R. c. Décarie, 2024 QCCS 1998
[45] Le ouï-dire est défini comme étant la preuve d’une déclaration, faite hors du procès, présentée pour établir la véracité de son contenu. Le ouï-dire est présumé inadmissible, parce qu’il comporte des dangers inhérents. Il est difficile, parfois même impossible, pour le jury d’évaluer correctement la crédibilité ou la fiabilité d’une déclaration en l’absence du déclarant à la barre des témoins, sans que celui-ci ne prête serment ou déclare solennellement de dire la vérité et sans que son récit ne soit testé au moyen d’un contre-interrogatoire (R. c. Bradshaw, 2017 CSC 35, par. 20-21; R. c. Baldree, 2013 CSC 35, par. 2, 31-35; R. c. Khelawon, 2006 CSC 57, par. 2-3, 49; R. c. Starr, 2000 CSC 40, par. 159).
[46] Cependant, le ouï-dire peut être admissible en vertu de certaines exceptions, incluant l’exception raisonnée, fondée sur les critères de fiabilité et de nécessité, d’abord reconnue par la Cour suprême du Canada dans les arrêts R. c. Khan, 1990 CanLII 77 (CSC), [1990] 2 RCS 531 et R. c. Smith, 1992 CanLII 79 (CSC), [1992] 2 RCS 915, puis développée et précisée dans la jurisprudence subséquente, incluant les arrêts Starr, Khelawon et Bradshaw.
[47] Le critère de nécessité est établi lorsque le témoignage de vive voix devant le tribunal n’est pas disponible. Il s’agit d’un critère souple, applicable à diverses situations (R. c. Furey, 2022 CSC 52, par. 3-4; Baldree, par. 66-69; R. c. Couture, 2007 CSC 28, par. 112; R. c. Parrott, 2001 CSC 3, par. 71-77).

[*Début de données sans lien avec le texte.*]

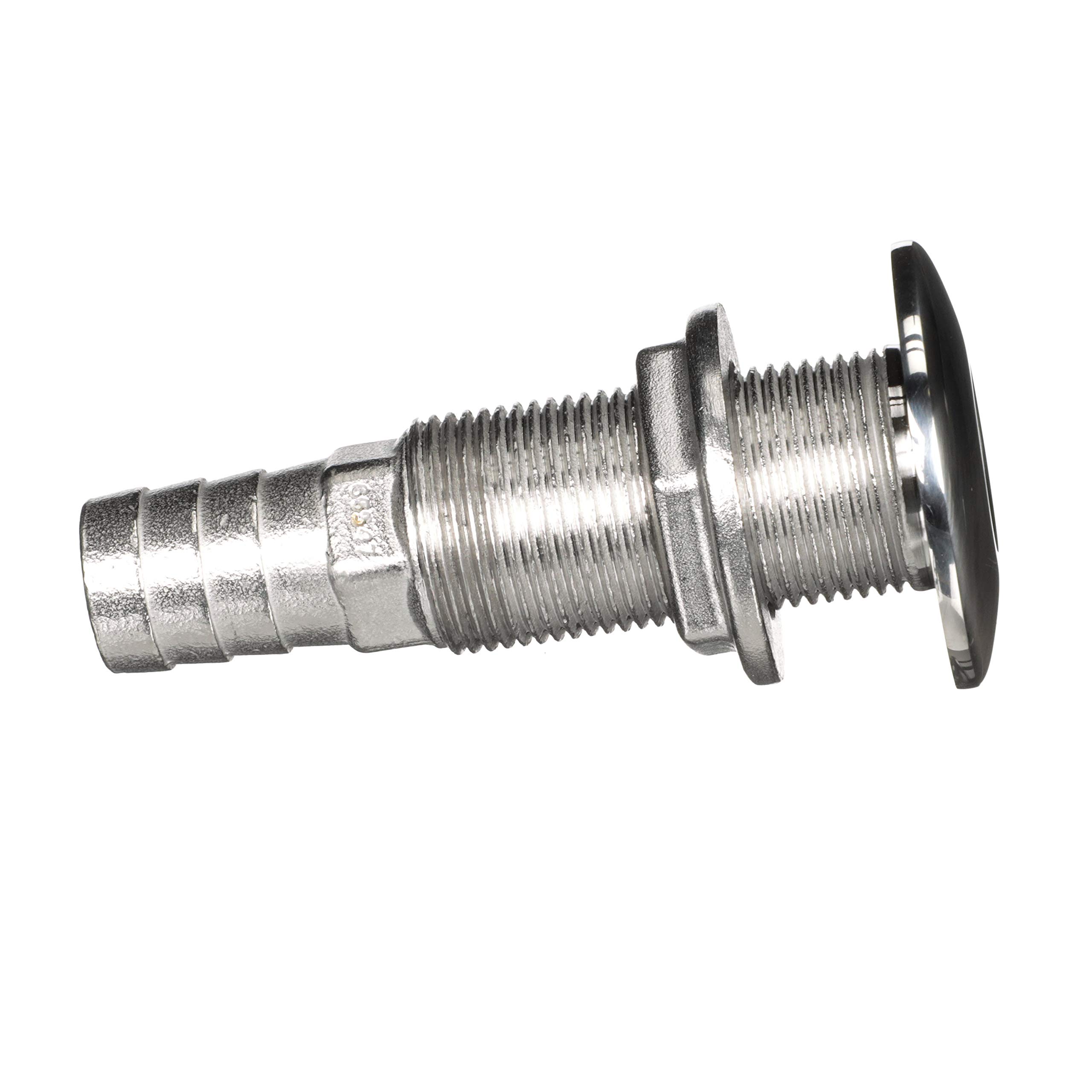 Attwood 66547-3 Stainless Steel Straight Thru-Hull Valve Fitting, Barbed, Standard Length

[48] Le critère de fiabilité est établi lorsque les dangers spécifiques de la preuve de ouï-dire proposée sont suffisamment écartés de sorte que la déclaration peut être laissée à l’appréciation du juge des faits. La norme est élevée. La preuve doit présenter un seuil suffisant de fiabilité pour être admissible en droit. L’examen porte sur la fiabilité procédurale et la fiabilité substantielle. (Furey, par. 5; Bradshaw, par. 26-32, 57; Khelawon, s. 4, 62 et 94‑100; voir aussi : R. c. Barnabé-Paradis, 2022 QCCS 3995, par. 26-33). En résumé :
• La fiabilité procédurale est établie par des moyens de substitution, en remplacement du témoignage, qui permettent une appréciation adéquate de la véracité et de l’exactitude de la déclaration relatée, incluant : l’enregistrement vidéo de la déclaration; le serment ou la déclaration solennelle ou le contre-interrogatoire au moment de la déclaration; ou encore la présence du déclarant au tribunal pour répondre à des questions.

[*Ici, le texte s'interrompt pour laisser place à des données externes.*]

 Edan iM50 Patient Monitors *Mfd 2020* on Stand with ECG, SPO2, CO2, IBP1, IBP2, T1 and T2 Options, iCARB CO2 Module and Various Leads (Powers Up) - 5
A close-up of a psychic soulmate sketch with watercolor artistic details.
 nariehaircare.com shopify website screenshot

• L’autre catégorie de fiabilité, la fiabilité substantielle, est établie lorsqu’il est démontré que la déclaration relatée est intrinsèquement fiable au regard des circonstances dans lesquelles elle a été faite ou de la preuve qui la corrobore, incluant : le caractère spontané et naturel de la déclaration; l’absence de suggestion; la contemporanéité de la déclaration par rapport aux faits relatés; la présence ou l’absence de motifs de mentir; la relation entre le déclarant et la personne qui a reçu la déclaration; ou l’état psychologique du déclarant lors de la déclaration.
• La corroboration en elle-même doit être considérée selon une approche stricte, elle doit véritablement écarter les risques d’erreur et de fausseté.
• Il reste que les éléments de fiabilité procédurale et de fiabilité substantielle peuvent être examinés ensemble, de manière complémentaire, en prenant soin toutefois de ne pas diluer indument le critère de fiabilité.